I have seen that it's common to use three containers for Airflow: Initialization, webserver, and scheduler. I tried to do this but it doesn't work because the dependency on the docker compose file only assures that one container starts after other, it doesn't wait for the first container to finish, hence my problem.

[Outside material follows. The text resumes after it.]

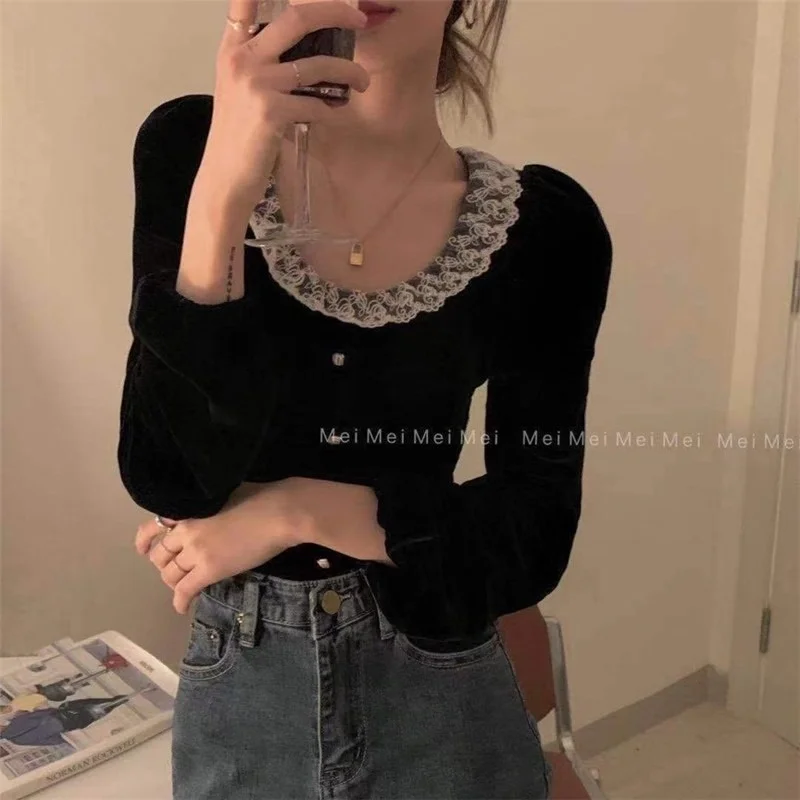 

Черная бархатная футболка с длинным рукавом в стиле ретро, Женский весенне-осенний Приталенный топ нового дизайна 2021, модный топ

This is the docker compose file with airflow as three services:
version: '3.8'
services:
postgres:
image: postgres:15.3
environment:
POSTGRES_USER: admin
POSTGRES_PASSWORD: admin
POSTGRES_DB: postgres_db
volumes:
- ./postgres_data:/var/lib/postgresql/data
ports:
- "5432:5432"
networks:
- mynetwork
airflow-init:
build: ./airflow
command: >
bash -c "
airflow db init &&
airflow users create --username admin --password admin --firstname Admin --lastname User --role Admin --email admin@example.com
"
volumes:
- ./airflow/dags:/opt/airflow/dags
- ./csv data:/opt/csv_data
depends_on:
- postgres
networks:
- mynetwork
airflow-webserver:
build: ./airflow
command: airflow webserver
volumes:
- ./airflow/dags:/opt/airflow/dags
- ./csv data:/opt/csv_data
ports:
- 8080:8080
depends_on:
- airflow-init
- postgres
networks:
- mynetwork
airflow-scheduler:
build: ./airflow
command: airflow scheduler
volumes:
- ./airflow/dags:/opt/airflow/dags
- ./csv data:/opt/csv_data
depends_on:
- airflow-init
- postgres
networks:
- mynetwork
networks:
mynetwork:
driver: bridge
This is the docker compose file with airflow as one (the one that works, but I have to go to the airflow container terminal to execute airflow scheduler
):
version: '3.8'
services:
postgres:
image: postgres:15.3
environment:
POSTGRES_USER: admin
POSTGRES_PASSWORD: admin
POSTGRES_DB: postgres_db
volumes:
- ./postgres_data:/var/lib/postgresql/data
ports:
- "5432:5432"
networks:
- mynetwork
airflow:
build: ./airflow
command: >
bash -c "
airflow db init &&
airflow users create --username admin --password admin --firstname Admin --lastname User --role Admin --email admin@example.com &&
airflow webserver &&
airflow scheduler
"
volumes:
- ./airflow/dags:/opt/airflow/dags
- ./csv data:/opt/csv_data
ports:
- 8080:8080
depends_on:
- postgres
networks:
- mynetwork
networks:
mynetwork:
driver: bridge
The airflow scheduler logs:
2023-07-02 19:34:42 ERROR: You need to initialize the database. Please run `airflow db init`. Make sure the command is run using Airflow version 2.6.2.
The airflow webserver logs:
2023-07-02 19:34:40 ERROR: You need to initialize the database. Please run `airflow db init`. Make sure the command is run using Airflow version 2.6.2.
So, how can I fix this? Specifically, how can I run airflow without having to type airflow scheduler
in the terminal container each time?
As a piece of additional information, the Admin
user I created in airflow is because the default one (airflow:airflow
) doesn't work. I've tried to figure out why, but after a while cracking my head with that, I just decided to create a new user called Admin
.
EDIT:
I have been trying to use this basic Airflow cluster configuration for CeleryExecutor with Redis and PostgreSQL script as input, but without success.